To some extent, of course, this project is ever-expanding. As more texts are included, entries for new animals will be created. In addition, though this bestiary is presently almost wholly medieval, Arthurian texts span well into the present day. Some of these materials are modernized retellings; many more reimagine or re-historicize the Arthurian world. This project will expand to take later Arthurian materials into account. All questions about the project can be directed to kara.mcshane@rochester.edu or alupack@library.rochester.edu.
Animals
Babian (See Bird)
Bear
Berbiolette
Bird
Bratchet (See Dog)
Bull
Cat
Deer
Dog
Dragon
Eagle (See Bird)
Elephant
Fox
Frog
Greyhound (See Dog)
Griffin
Hare
Hart (See Deer)
Hawk (See Bird)
Horse
Hound (See Dog)
Hybrids
Leopard
Lion
Owl (See Bird)
Parrot (See Bird)
Pelican (See Bird)
Phoenix (See Bird)
Pig (See Boar)
Questing Beast
Rabbit (See Hare)
Serpent
Snake (See Serpent)
Sow (See Boar)
Stag (See Deer)
Unicorn
Wolf
Animals in the Middle Ages
The modern reader is generally much further removed from daily contact with animals than the people of the Middle Ages.
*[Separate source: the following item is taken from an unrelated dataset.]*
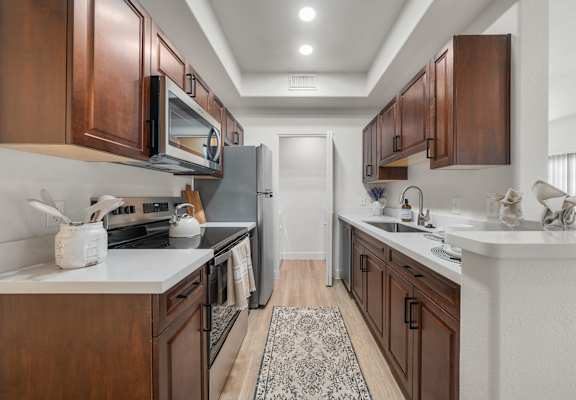 The Summit at Flagstaff apartments in Flagstaff, AZ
Animals were central to life in the Middle Ages, for example, in farming and as pets. John Aberth notes that “medieval people could also greatly empathize with their domestic animals” and notes the many texts describing animals’ emotions (166). The lion in the Middle English Ywain and Gawain, moved almost to suicide in his distress for Ywain, is one particularly poignant example (lines 2071-86). Perhaps due to this close association between the species, much philosophical energy was spent on articulating the key differences between humans and animals. Diet was an important distinction between humans and animals: as Salisbury explains, “eating one’s meat raw was considered bestial” (64) and sacred food – that is, consecrated Communion host – was firmly forbidden to animals (65). (Gerald of Wales’s anxiety about giving communion to a werewolf is a “practical” case where this distinction is blurred and perhaps even called into question.) However, the main trait distinguishing humans from animals was the capacity for reason. Salisbury observes that for Christian thinkers of the early middle ages, the lack of reason was the defining difference between animals and humans (5). Violence, too, was considered a major difference, particularly by Aquinas: while humans were capable of violence, irrational violence was a trait exclusive to animals (5). While reason was not attributed to animals in the Middle Ages, their complex behaviors were justified by estimativa, that is, instinct (Aberth 146). This instinct explained why animals hid from danger without suggesting that they could reason, a claim that would have challenged medieval understanding of human superiority over animals. The notion of human superiority was based in interpretations of the book of Genesis, where the first humans are given dominion over all creatures (Genesis 1:26-28).
Since humans were understood to be superior to animals, humans were thus accountable for the actions of their domestic creatures. As Salisbury observes, “human owners were held liable for the behavior of their animals, and animals sometimes shared the penalties given to human misbehavior” (Salisbury 37). Laws describing fines to be paid if a loose animal damaged another’s property are plentiful from the period. However, the legal language around animals almost undermines the distinction between animals and humans since animals were occasionally expected to stand trial. Animals could be – and were – tried for crimes during the medieval period; the earliest record of such a trial is the execution of a pig by burning in 1266 for eating a child near Paris (Aberth 219). Allowing animals to stand trial holds them (rather than their owners) accountable for their actions. These seemingly contradictory views are common in depictions of medieval animals as rational yet irrational, empathetic yet oblivious, and violent yet tame. Unsurprisingly, these same contradictions in the depiction of animals appear in Arthurian literature.
What is a bestiary?
In its medieval context, a bestiary is simply a book cataloguing a series of animals, often including illuminations and other images. These works were undoubtedly used as religious texts, as they provide moral and theological meanings for the attributes they ascribe to the animals included in them. Several critics have suggested that they may also have been used by pious laypersons as educational texts, perhaps in teaching reading (de Hamel 20, Clark 29). Clark suggests that the bestiary was in fact "compiled for use principally by teachers in elementary education" (98).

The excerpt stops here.